• **DATA SHOWN**:
::::::::
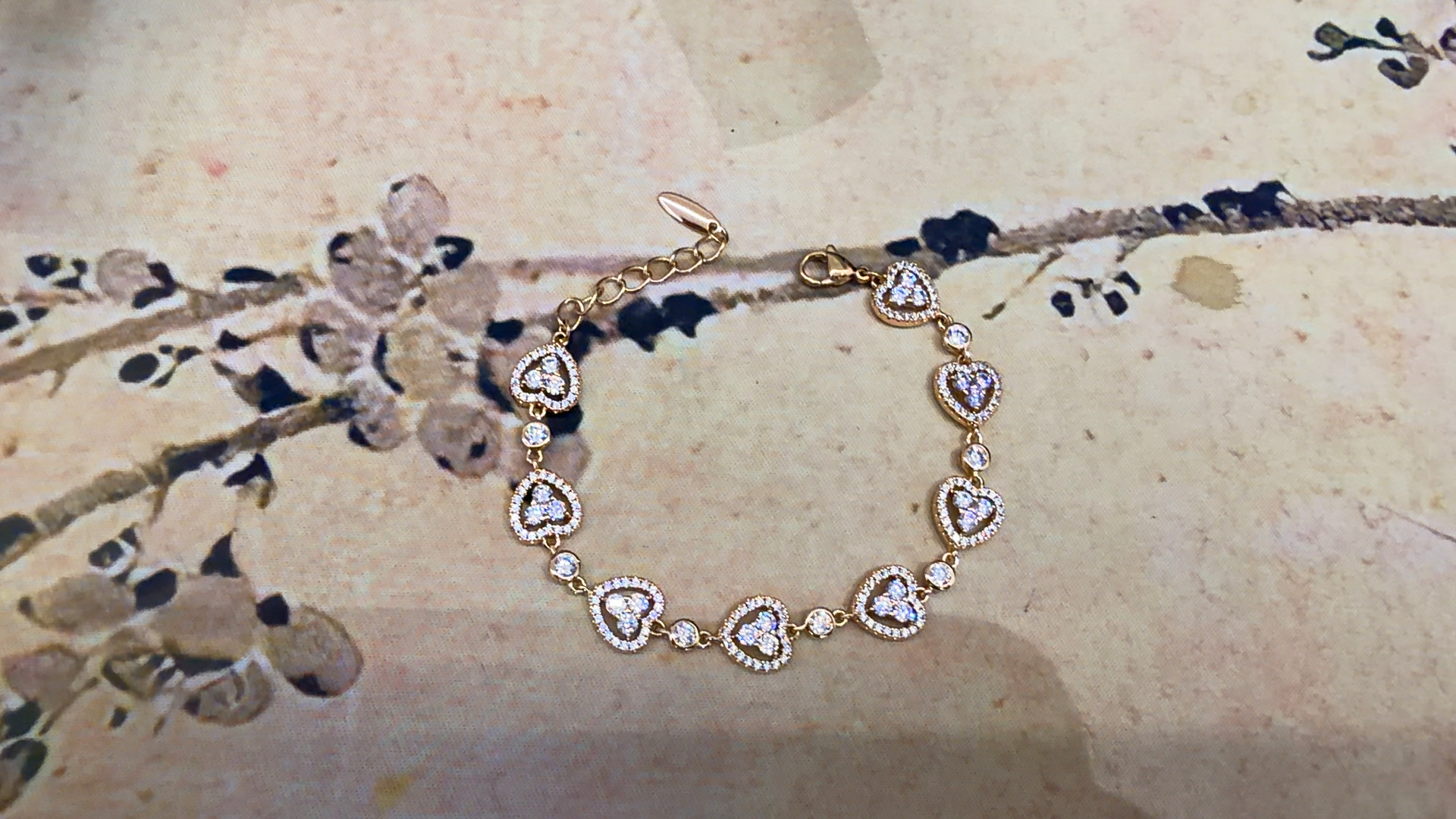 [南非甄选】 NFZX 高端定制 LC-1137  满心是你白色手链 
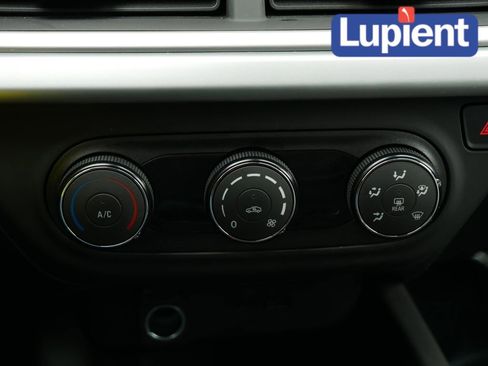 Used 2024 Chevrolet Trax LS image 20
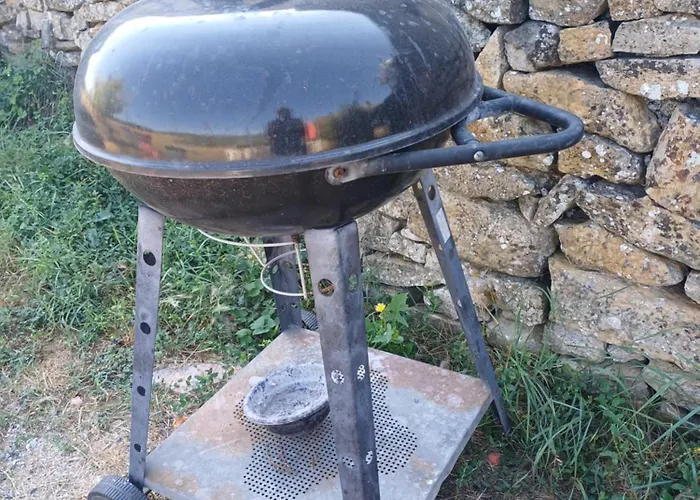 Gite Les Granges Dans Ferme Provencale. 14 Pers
::::::::
• **WORK TO BE COMPLETED**:
The copy must begin at the line containing "Used 2024 Chevrolet Trax LS image 20" and end at the last line of the data above, with every line retyped exactly and no pictures included.

• **EXERCISE SOLUTION**:
 Used 2024 Chevrolet Trax LS image 20
 Gite Les Granges Dans Ferme Provencale. 14 Pers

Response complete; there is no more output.